Inclined Planes
An object placed on a tilted surface will often slide down the surface. The rate at which the object slides down the surface is dependent upon how tilted the surface is; the greater the tilt of the surface, the faster the rate at which the object will slide down it. In physics, a tilted surface is called an inclined plane. Objects are known to accelerate down inclined planes because of an unbalanced force. To understand this type of motion, it is important to analyze the forces acting upon an object on an inclined plane. The diagram at the right depicts the two forces acting upon a crate that is positioned on an inclined plane (assumed to be friction-free). As shown in the diagram, there are always at least two forces acting upon any object that is positioned on an inclined plane - the force of gravity and the normal force. The force of gravity (also known as weight) acts in a downward direction; yet the normal force acts in a direction perpendicular to the surface (in fact, normal means "perpendicular").The first peculiarity of inclined plane problems is that the normal force is not directed in the direction that we are accustomed to. Up to this point in the course, we have always seen normal forces acting in an upward direction, opposite the direction of the force of gravity. But this is only because the objects were always on horizontal surfaces and never upon inclined planes. The truth about normal forces is not that they are always upwards, but rather that they are always directed perpendicular to the surface that the object is on.
In the presence of friction or other forces (applied force, tensional forces, etc.), the situation is slightly more complicated. Consider the diagram shown at the right. The perpendicular component of force still balances the normal force since objects do not accelerate perpendicular to the incline. Yet the frictional force must also be considered when determining the net force. As in all net force problems, the net force is the vector sum of all the forces. That is, all the individual forces are added together as vectors. The perpendicular component and the normal force add to 0 N. The parallel component and the friction force add together to yield 5 N. The net force is 5 N, directed along the incline towards the floor.

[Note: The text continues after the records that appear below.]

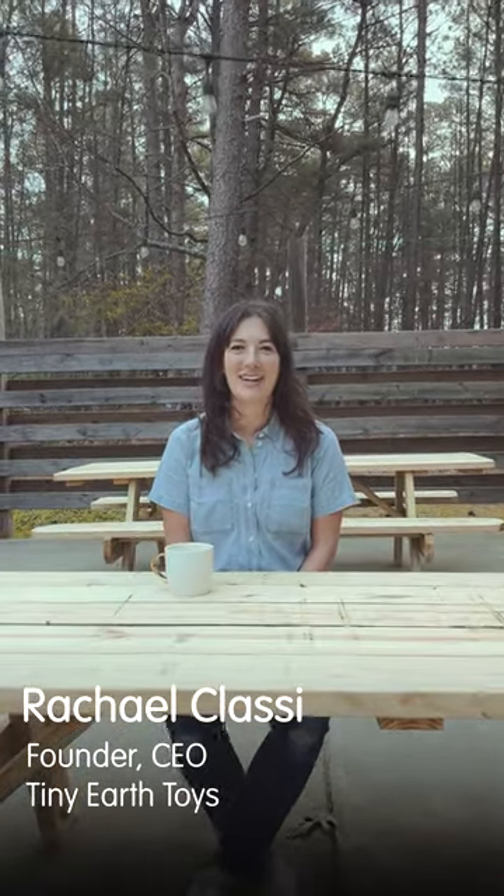Hey, I'm Rachel Classy, the founder and CEO of Tiny Earth Toys, and at Tiny Earth Toys we do things a little bit differently. We rent educational wooden toys so that we can keep toys in use as long as possible. We're here at our brand new 10,000 square foot headquarters and we're going to take you inside to see behind the scenes.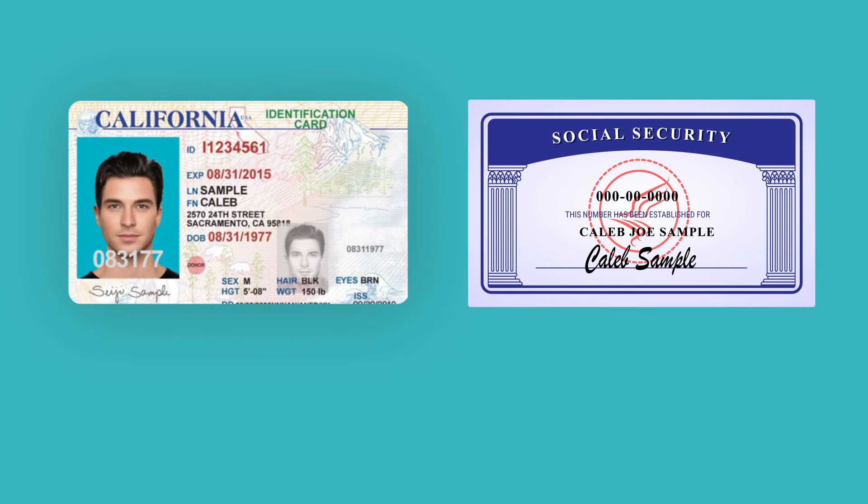ID.me's video call process requires you to upload documents to verify your identity. This video will explain how to correctly upload your documents on your first try so you can minimize your wait time and get verified quickly.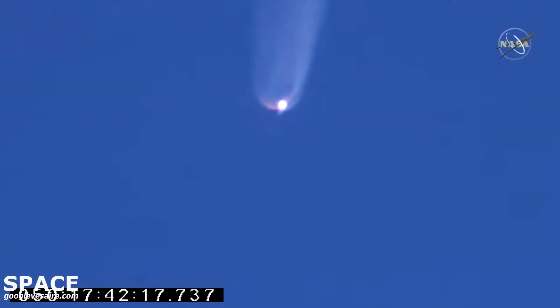Attitude remains nominal. Continuing to get good reports from the range control center at Wallops. Blasting now at 11,000 feet per second. Power remains nominal. Beginning slow throttle down.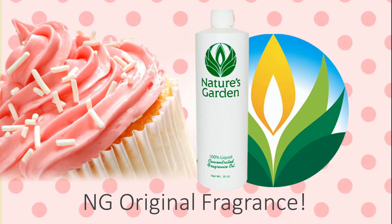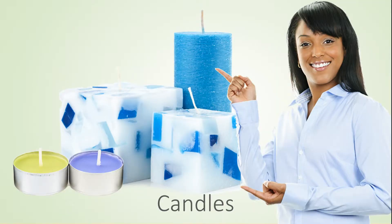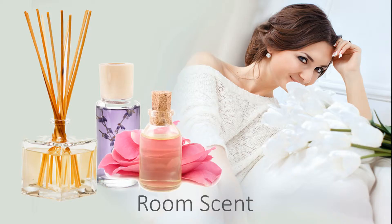That's why this is a Nature's Garden original fragrance and also a best seller. Our customers create creamy products with this fragrance including amazing decorative candles, beautiful handmade soaps, refreshing and invigorating bath and body products, and room scents.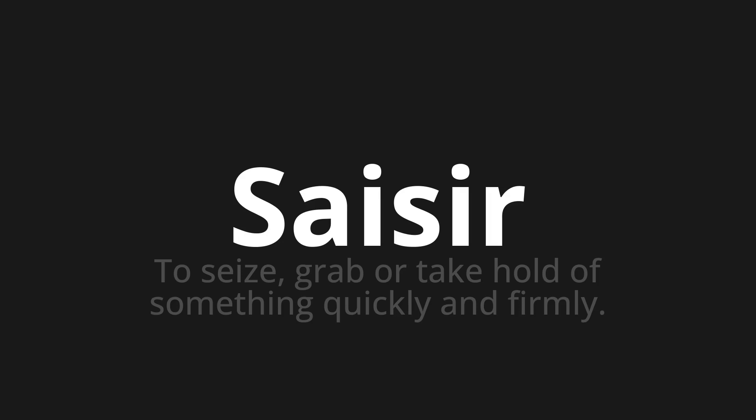Let's say it all together. Saisir. Saisir. One more time. Saisir. Saisir.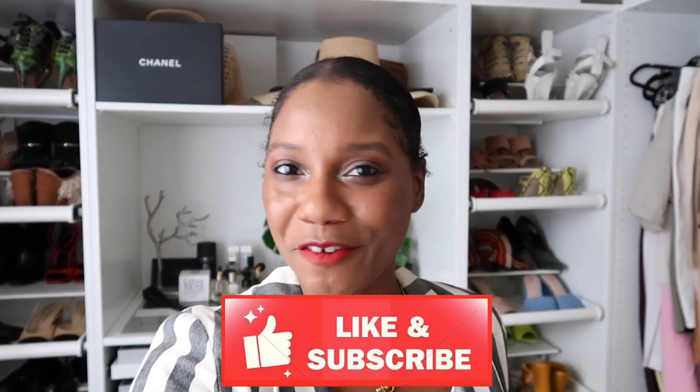Hi guys, Monroe Still here from Fashion Still NYC and welcome back to my channel. Do not forget to like and subscribe to never miss a video.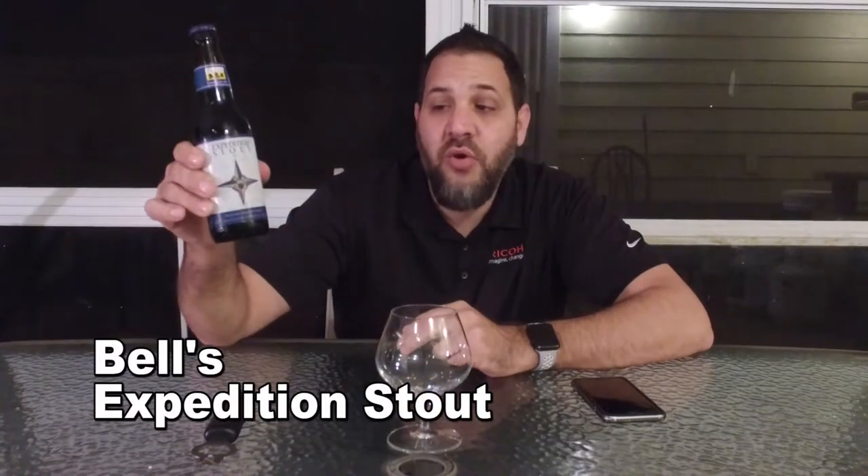Hi guys, I'm Dave. Welcome to Beer Virtually. Today we have something that I think is pretty special in the craft beer world. This is Bell's Expedition Stout. This has quite the reputation for being a fantastic stout. I have never had it. I've heard that it's very good, so we're going to get into it.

The above problem (and all inclined plane problems) can be simplified through a useful trick known as "tilting the head." An inclined plane problem is in every way like any other net force problem with the sole exception that the surface has been tilted. Thus, to transform the problem back into the form with which you are more comfortable, merely tilt your head in the same direction that the incline was tilted. Or better yet, merely tilt the page of paper (a sure remedy for TNS - "tilted neck syndrome" or "taco neck syndrome") so that the surface no longer appears level. This is illustrated below.

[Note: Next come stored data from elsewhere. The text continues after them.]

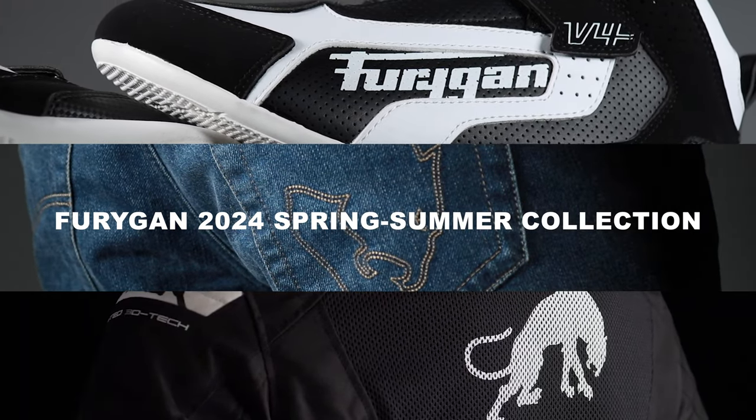Hi there, I'm Adrian from GNS Accessories. I've been with the company for approximately 30 years now and today I'm going to talk to you about the brand new Furigan 2024 Spring Summer Collection.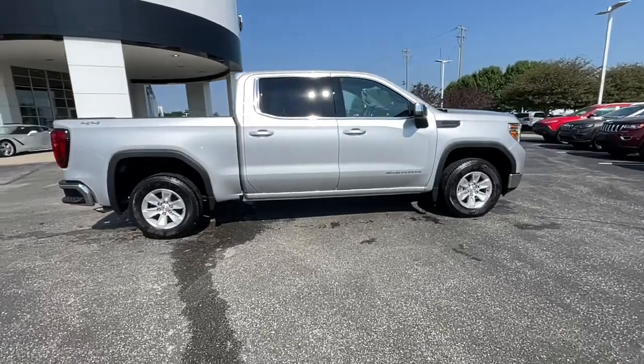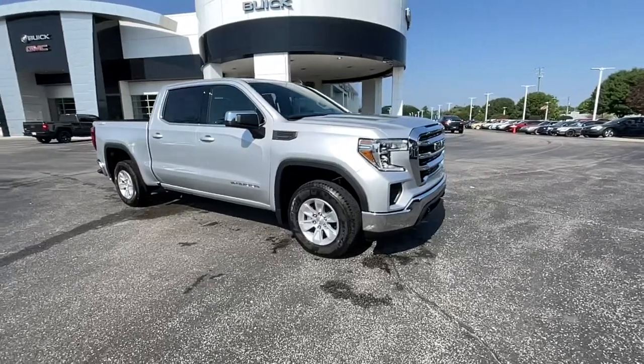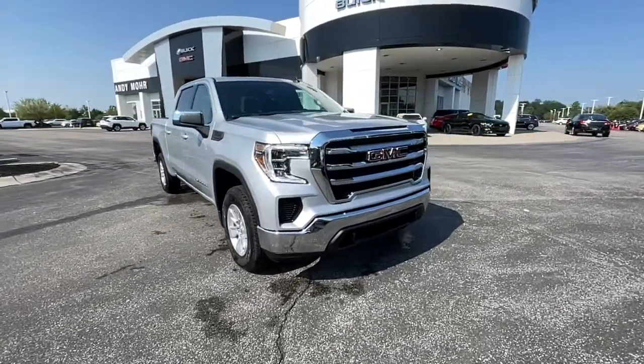Feel the satisfaction that comes from optimizing your driving pleasure. Treat yourself to a road test today. Our staff will toss you the keys and give you an outstanding customer experience.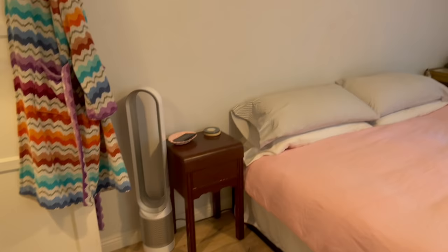I forgot to film an outro, so that explains the outfit change, but that is the end of our house video. I love watching house videos — I love empty house tours, I love house tours, I love all those types of videos. So I hope you guys like this one as much as I like watching those. Let me know in the comments what you want to see coming up soon on my channel, and I'll be sure to get back to you. Thank you guys so much for watching, and I will see you guys next time. Bye!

As an example consider the situation depicted in the diagram at the right. The free-body diagram shows the forces acting upon a 100-kg crate that is sliding down an inclined plane. The plane is inclined at an angle of 30 degrees. The coefficient of friction between the crate and the incline is 0.3. Determine the net force and acceleration of the crate.

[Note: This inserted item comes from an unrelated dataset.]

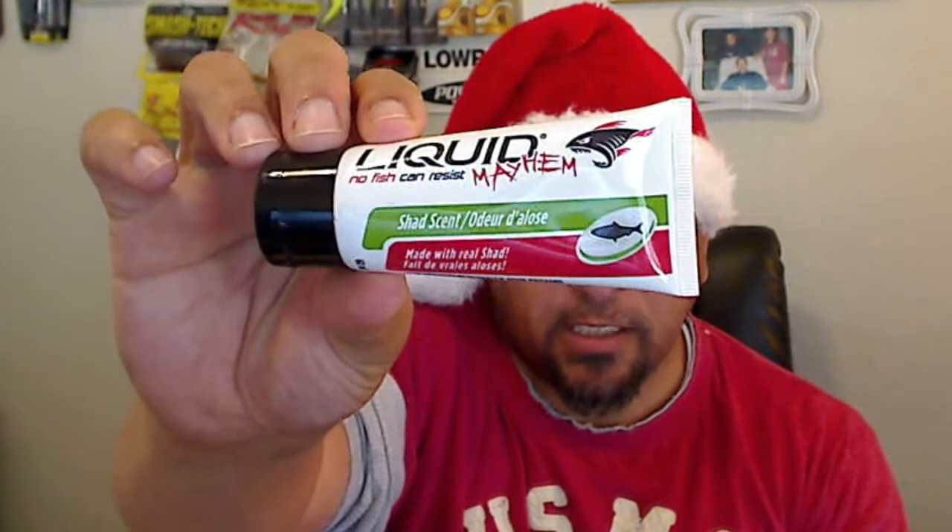Let's get started. Let's grab the card so I can read along. On the list we have some Liquid Mayhem garlic scent — a made-attractive scent. I haven't tried that one yet. Most times I've gone with dipping stuff in JJ's Magic, so I may have to give that one a shot.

Begin the above problem by finding the force of gravity acting upon the crate and the components of this force parallel and perpendicular to the incline. The force of gravity is 980 N and the components of this force are Fparallel = 490 N (980 N • sin 30 degrees) and Fperpendicular = 849 N (980 N • cos30 degrees). Now the normal force can be determined to be 849 N (it must balance the perpendicular component of the weight vector). The force of friction can be determined from the value of the normal force and the coefficient of friction; Ffrict is 255 N (Ffrict = "mu"*Fnorm= 0.3 • 849 N). The net force is the vector sum of all the forces. The forces directed perpendicular to the incline balance; the forces directed parallel to the incline do not balance. The net force is 235 N (490 N - 255 N). The acceleration is 2.35 m/s/s (Fnet/m = 235 N/100 kg).
Practice
The two diagrams below depict the free-body diagram for a
1000-kg roller coaster on the first drop of two different
roller coaster rides. Use the above principles of vector
resolution to determine the net force and acceleration of
the roller coaster cars. Assume a negligible affect of
friction and air resistance. When done, click the button to
view the answers.The affects of the incline angle on the acceleration of a roller coaster (or any object on an incline) can be observed in the two practice problems above. As the angle is increased, the acceleration of the object is increased. The explanation of this relates to the components that we have been drawing. As the angle increases, the component of force parallel to the incline increases and the component of force perpendicular to the incline decreases. It is the parallel component of the weight vector that causes the acceleration. Thus, accelerations are greater at greater angles of incline. The diagram below depicts this relationship for three different angles of increasing magnitude.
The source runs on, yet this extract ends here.